Róterdam fue arrasada por los bombardeos en 1940 y eligió no reconstruir lo que había perdido, sino edificar algo completamente nuevo. El resultado es la ciudad arquitectónicamente más atrevida de Europa: un lugar donde las Casas Cúbicas se inclinan en ángulos imposibles, el Markthal se arquea sobre un mercado gastronómico bajo un techo pintado con frutas y flores gigantes, y el Puente Erasmus cruza el río Maas como una cuerda de arpa blanca. Cada década añade un nuevo hito, y la ciudad lleva su ambición sin disimulo.

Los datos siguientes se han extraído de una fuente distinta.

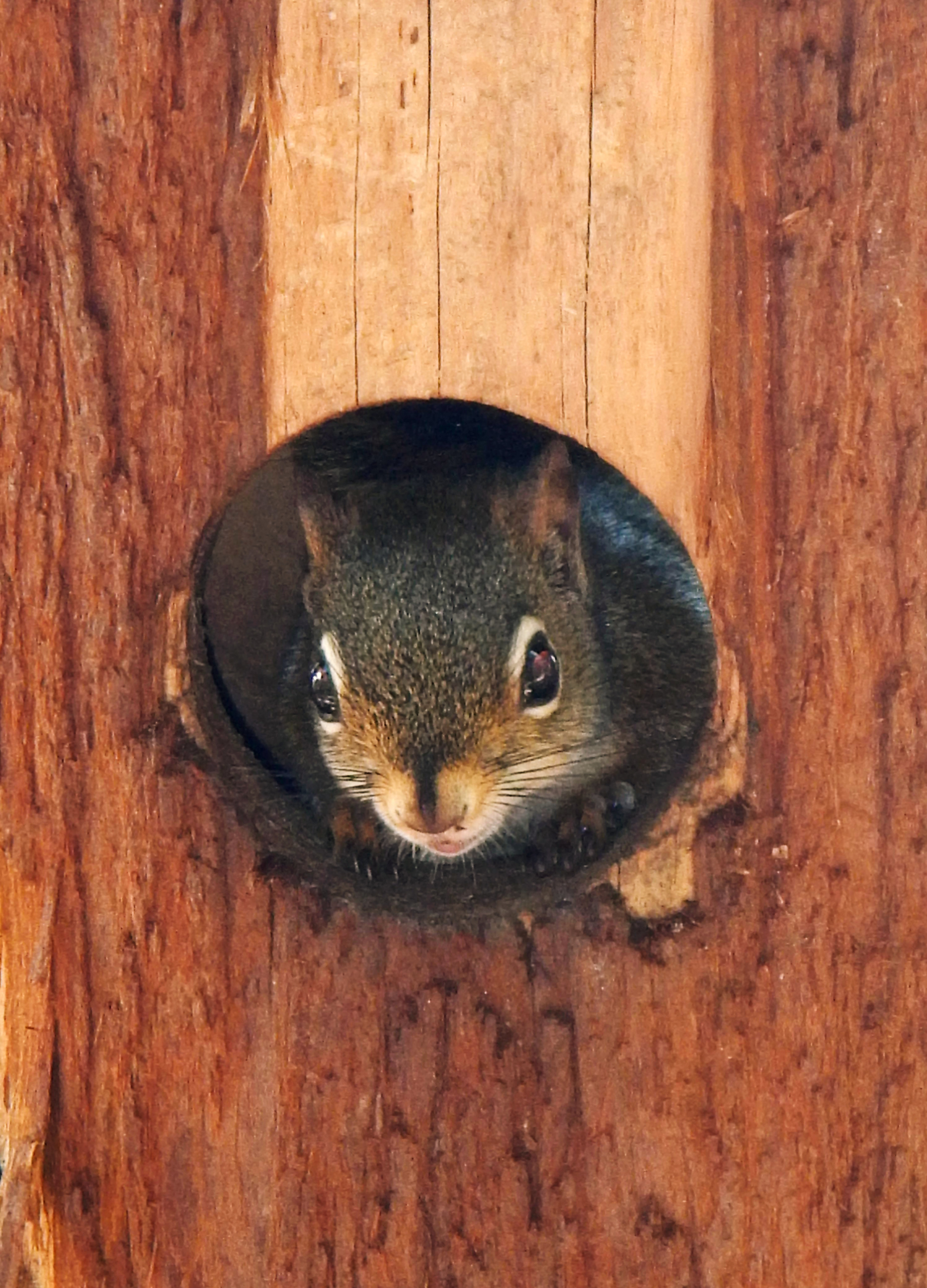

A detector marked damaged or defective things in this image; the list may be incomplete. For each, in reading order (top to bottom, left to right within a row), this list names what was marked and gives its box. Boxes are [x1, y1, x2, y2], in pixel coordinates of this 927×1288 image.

splintered wood edge [605, 638, 751, 922]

Pero Róterdam no es solo un escaparate del diseño. La Fenix Food Factory, instalada en un antiguo almacén a orillas del canal sur, es una colectiva de pequeños productores que venden cerveza artesanal, quesos de autor y comida callejera indonesia. El Kunsthal y el Museum Boijmans Van Beuningen —cuyo nuevo depósito público es en sí mismo una declaración arquitectónica— aportan un peso cultural considerable. El puerto —el más grande de Europa hasta hace poco— está omnipresente, y un recorrido en Spido revela lo sublime industrial de los puertos de contenedores y los astilleros que impulsaron el comercio neerlandés durante siglos. Róterdam es orgullosamente obrera, ferozmente multicultural y como ninguna otra ciudad holandesa.
Cuando ir: De mayo a septiembre, para bares en azoteas y festivales portuarios. La arquitectura es fascinante con cualquier tiempo, pero la luz de primavera sienta especialmente bien al cristal y al acero moderno.